Тонкости работы с несговорчивыми
Фигуранта дела «Сети» Дмитрия Пчелинцева поместили поближе к «активу» колонии строгого режима.
Фигуранта дела «Сети» Дмитрия Пчелинцева перевели из СИЗО-1 в «помещение, функционирующее в режиме следственного изолятора» (ПФРСИ) при пензенской исправительной колонии строгого режима № 4.

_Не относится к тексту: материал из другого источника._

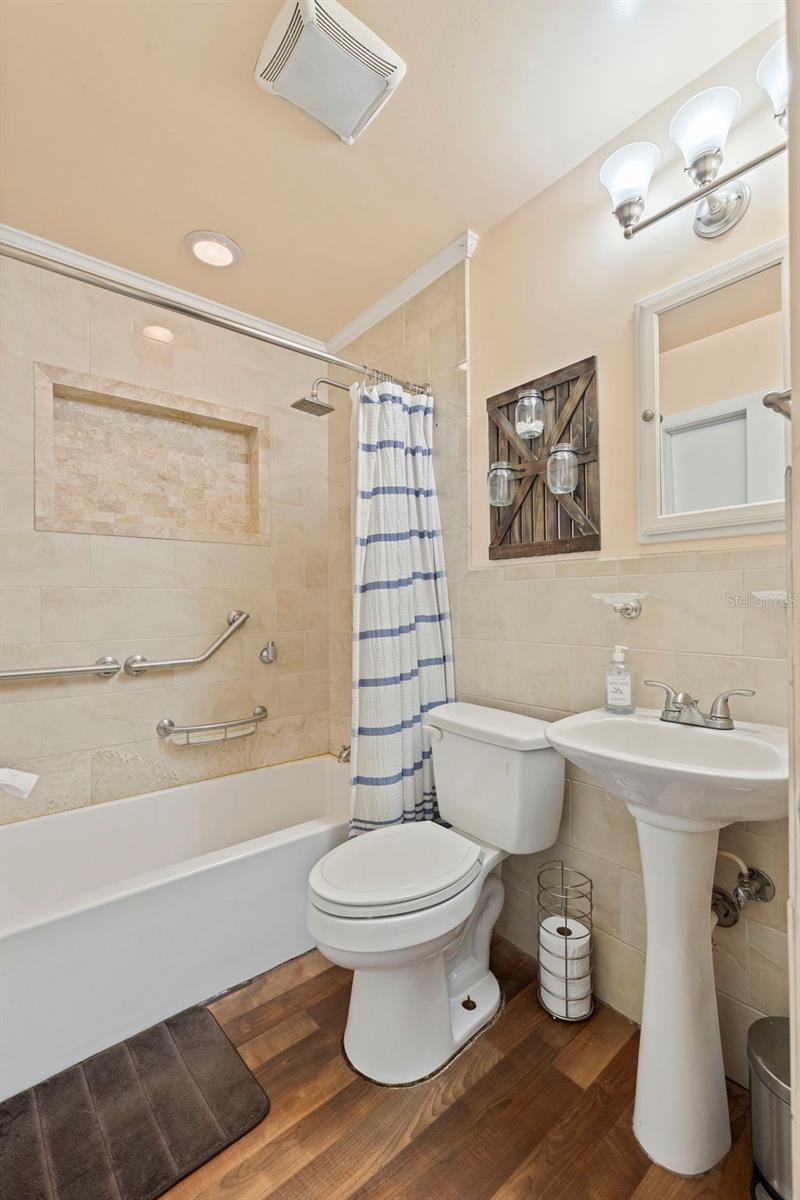 280 38TH AVE SE, ST PETERSBURG, FL, 33705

По словам начальника пензенского СИЗО-1 Олег Ихсанов, Пчелинцев «убыл» вечером 4 марта. Ответить, на каком основании сделан перевод и какими службами осуществлялось конвоирование, Ихсанов отказался: «У нас есть свои тонкости работы, в которые мы не обязаны вас посвящать». При этом начальник изолятора попытался заверить, что «ФСБ тут ни при чем», хотя несколькими минутами ранее его заместитель утверждал, что в данном случае «не мы решаем», рассказала Анна «Новой в Петербурге».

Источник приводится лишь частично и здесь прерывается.